In most trials of patients whose cancer hasn’t spread beyond the breast, and in common medical practice, tumors are surgically removed before chemotherapy, after which doctors and patients wait months or years to see if the cancer comes back. Approval is based on that duration of benefit.

But earlier this year, the FDA granted so-called accelerated approval to Roche Holding‘s drug Perjeta for treating breast cancer in such patients, based on the complete responses achieved before surgery. Full approval is conditional on data from another trial confirming a long-term benefit.

Dr. Pazdur said weighing in Perjeta’s favor was that it was already approved for advanced breast cancer, and the agency had safety data on more than 5,000 patients. Also, the company had completed enrollment of patients in the confirmatory trial.

Further study will be required to validate a complete response as a predictor of long-term benefit for the new drugs and to provide assurance on safety, he said.

Partly to address the long-term issue, Dr. Esserman and her colleagues are launching a new trial called I-Spy 3, an international study in which they hope to enroll enough patients for each drug studied to test both the early complete response and the long-term follow up.

If a company going through such a process was able to file successfully with the FDA for accelerated approval, with a confirmatory trial well under way, “that should get agents to the market three to four years earlier,” Dr. Esserman said.

Puma Biotechnology Chief Executive Alan Auerbach said he plans to enter neratinib, which showed promise against a form of breast cancer known as Her2-positive, in the I-Spy 3 trial.

Scott Brun, vice president of pharmaceutical development for AbbVie, said the I-Spy 2 data will be “very important” to the company’s decision of how to proceed with development of its drug.

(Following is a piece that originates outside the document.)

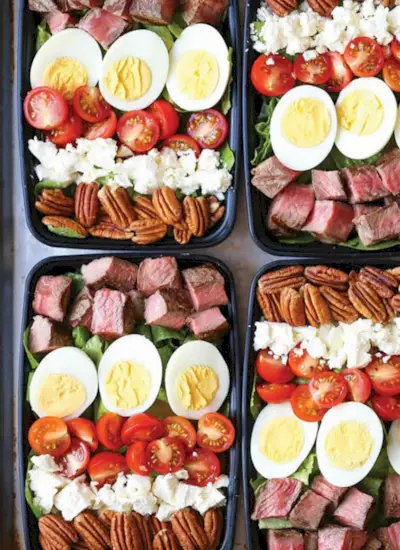 salade de steak cobb pour les déjeuners de préparation des repas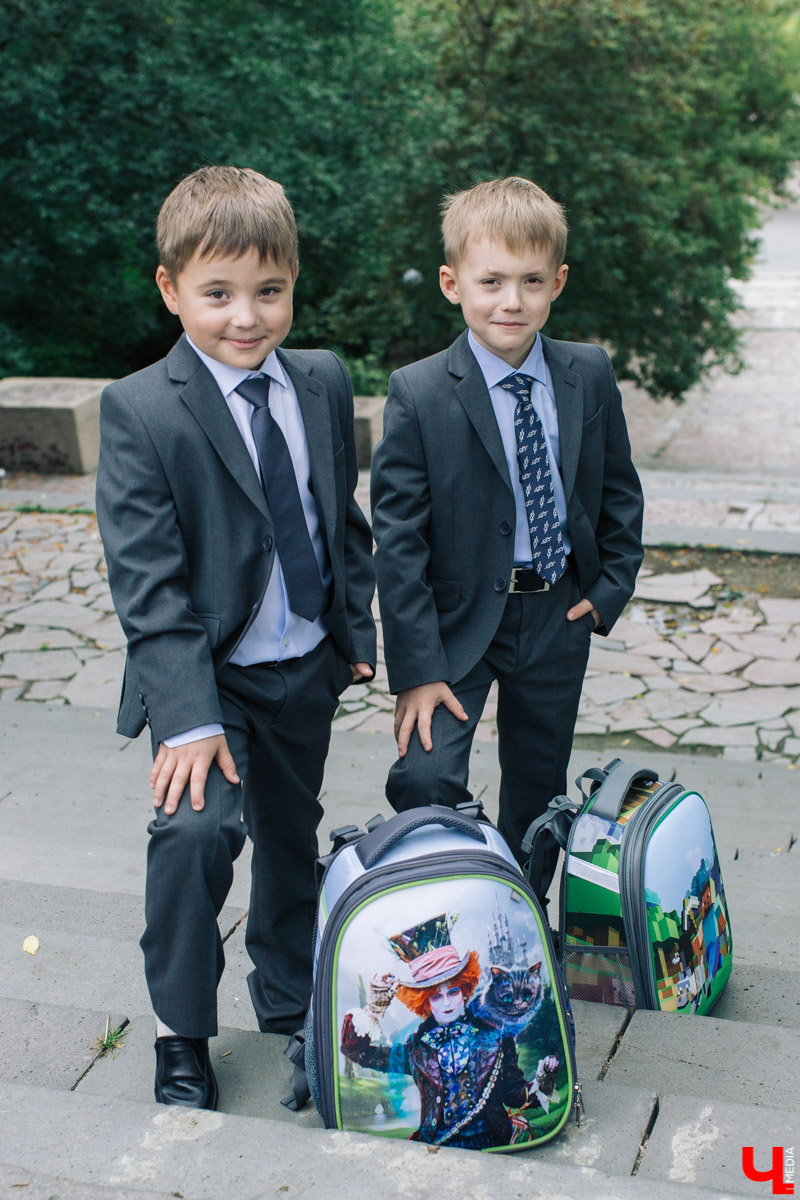 “Сколько стоит собрать ребенка в первый класс?” - накануне начала нового учебного года это вопрос лидирует на “мамских” форумах. Разбег от 5 до 50 тысяч рублей! Так ли это на самом деле?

I-Spy 2 was launched in 2010 by the Biomarkers Consortium, reflecting use of and research into biological traits to help match participating patients with drugs with a greater chance of benefiting them. The consortium is a public-private partnership of the Foundation for the National Institutes of Health and includes the FDA, the National Institutes of Health and several pharmaceutical companies. The trial and I-Spy 3 are now sponsored by the nonprofit QuantumLeap Healthcare Collaborative, with funding from the Safeway Foundation, other philanthropic groups and pharmaceutical companies.

I-Spy 2 uses an adaptive trial design in which the experience of the early participants is used to channel later patients toward drugs showing evidence of effectiveness, a strategy researchers say helps more quickly identify drugs that are working and those that aren’t.